This list is part of Turning the Tables, an ongoing project from NPR Music dedicated to recasting the popular music canon in more inclusive – and accurate – ways. This year, our list, selected by a panel of more than 70 women and non-binary writers, tackles history in the making, celebrating artists whose work is changing this century's sense of what popular music can be. The songs are by artists whose major musical contributions came after Jan. 1, 2000, and have shifted attitudes, defied categories and pushed sound in new directions since then.
Our list includes songs performed by women and non-binary artists. The use of the term "Women+" is part of our engagement in a movement to recognize a wide spectrum of gender identities coming to greater light in the 21st century.

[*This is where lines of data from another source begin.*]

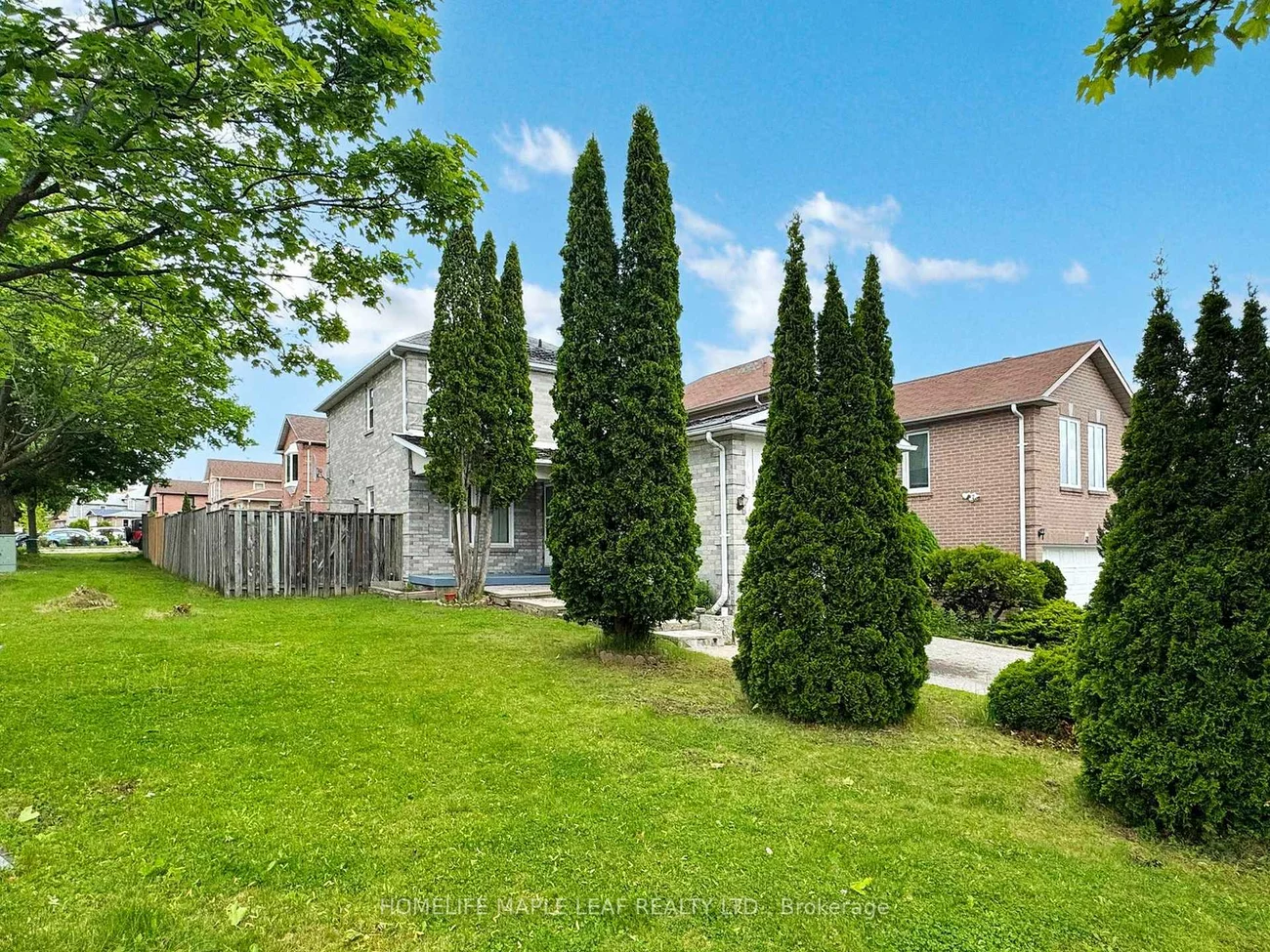 39, Lamay, Rouge E11, Toronto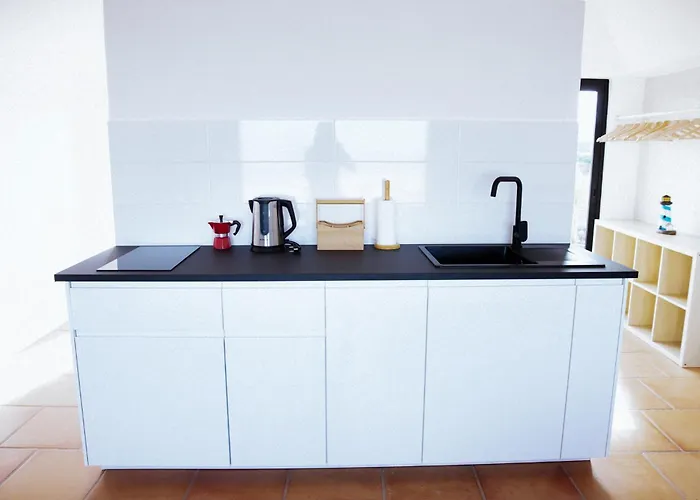 Apartman Castillo De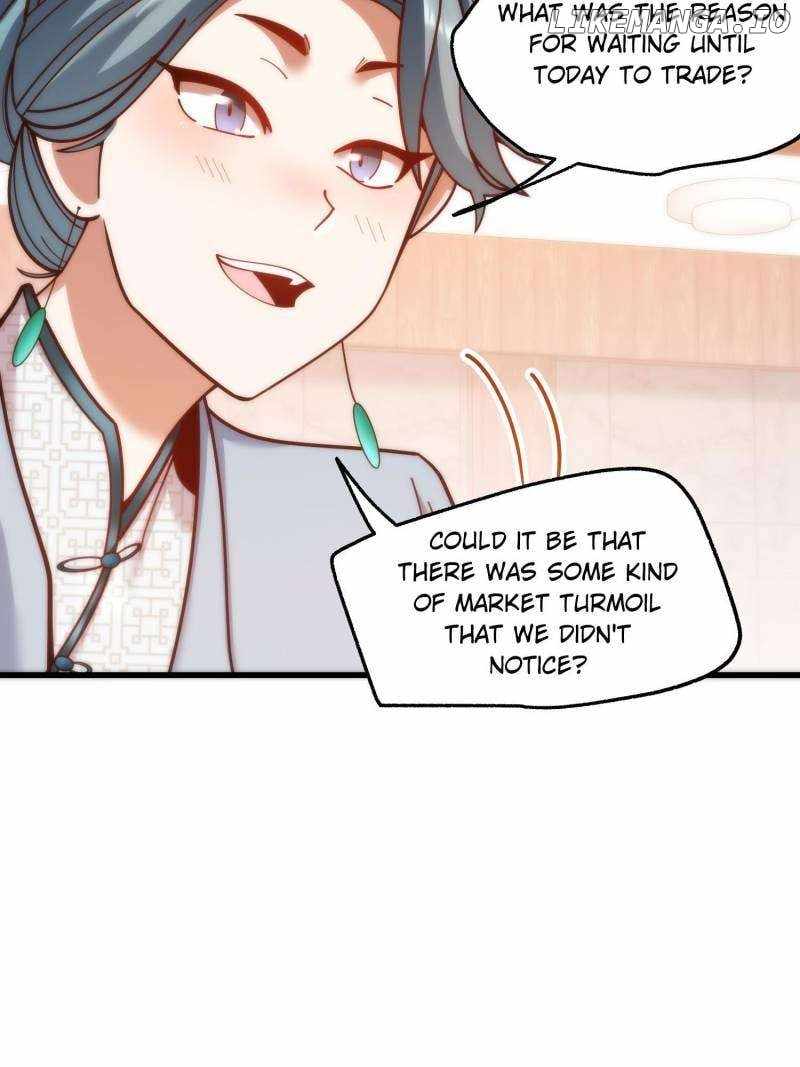 I Regressed to Level Up Instead of Being a Simp Chapter 182 page 31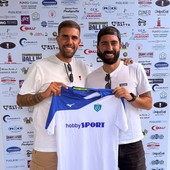 SANT'EUSEBIO Un altro colpo di mercato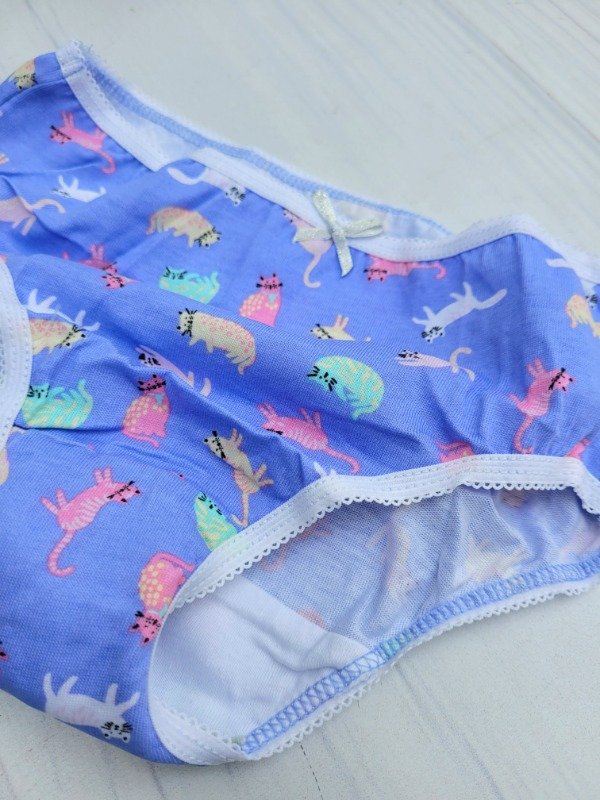 Producto - PACK MINI MEOW X2 (4 A 5 AÑOS) - transferencia 5.950 - 1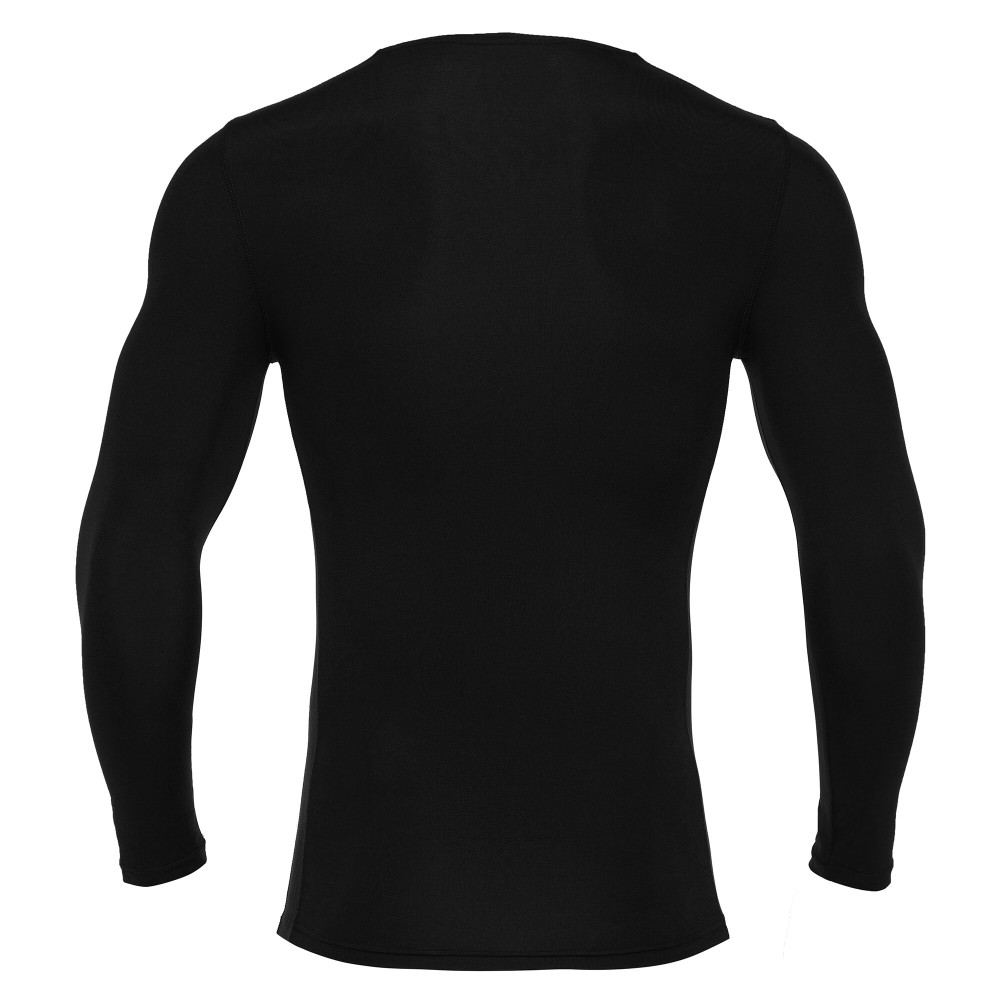 Sous-maillot technique Manches Longues Noir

Spoiler alert: "Love Song," Sara Bareilles' 2007 breakthrough single, was never about a person. Rather, "Love Song" was simply Bareilles' poppy response to a label (not to mention the music industry at large) that kept asking for a radio-friendly love song to kick off her music career. Frustrated by the creative confinement, Bareilles put pen to paper (and soulful voice to cheerful ivory keys) to create her own kind of "Love Song," one where she reminds the naysayers to let her write what she wants, sing what she wants and be who she wants. Spoiler alert (again): Bareilles' heart-on-her-sleeve song won over the label and the radio charts. —Joni Deutsch (WFAE)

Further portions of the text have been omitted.